Depois disso, o caminho para os The Gift foi sempre a descer. Começou com um pequeno sobressalto – “Film” (2001) –, nada de grave, para de seguida perderem a cabeça, os travões e darem trambolhões sucessivos até só conseguirem parar a máquina a poucos centímetros do abismo – “AM-FM” (2004).

Sete anos depois de um longo silêncio, os The Gift decidiram voltar à vida activa com “Explode” disco que, uma vez mais, contou com uma dinâmica de promoção ao nível do melhor marketing que por aí se faz.
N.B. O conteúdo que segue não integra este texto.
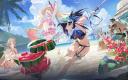 Discovery splash banner for 永恆輪迴 Eternal Return Discord server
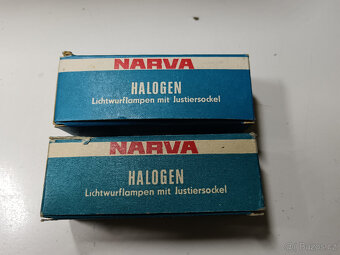 Specielní halogenové žárovky HLWS 5-A 6V 25W - 2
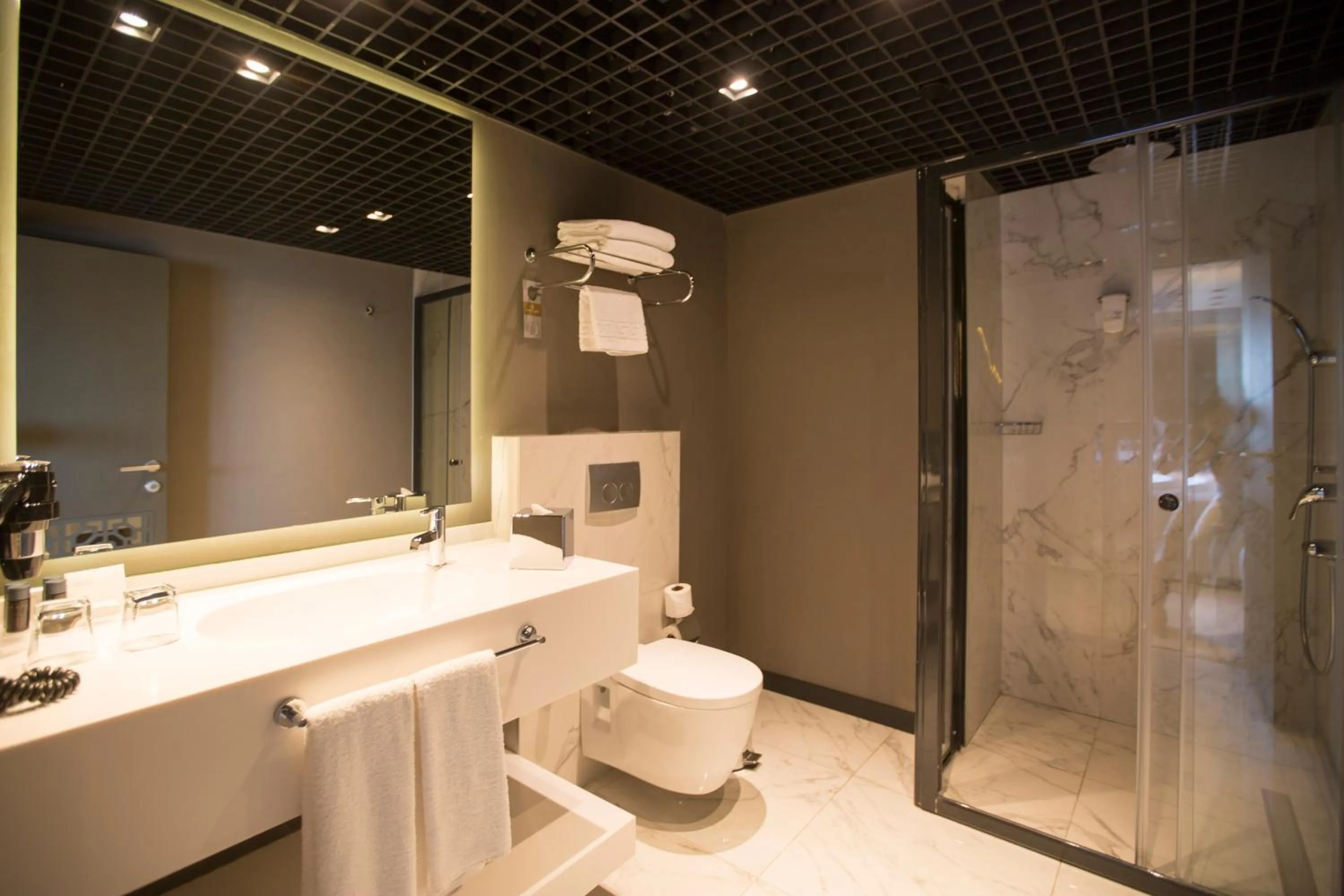 Bathroom in Cityloft 81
Pediram emprestada a ideia radioheadiana do “paga o que quiseres e faz o download” mas com um refresh: em vez de enviarem o pacote na totalidade, os pagantes do disco recebiam uma música por dia na sua caixa de correio virtual. Além disso, algumas personalidades – como Joana Vasconcelos, José Luis Peixoto ou Jel (Homens da Luta) – diziam quanto terem gasto com o disco em vídeos promocionais. Estava criada uma imparável dinâmica de venda, onde se comprava um produto de olhos fechados na convicção clara de que este só poderia trazer a felicidade.

Ontem, no primeiro de cinco concertos quase esgotados, os The Gift apresentaram “Explode” no Teatro Tivoli, repleto de espectadores em busca da felicidade prometida. O problema é que a felicidade vendida pelos The Gift é tão efémera quanto a felicidade material. O efeito surpresa e a compra de impulso passam depressa e, no final, ficamos com um produto nas mãos que não nos serve para nada e que nem sequer nos lembramos de ter comprado.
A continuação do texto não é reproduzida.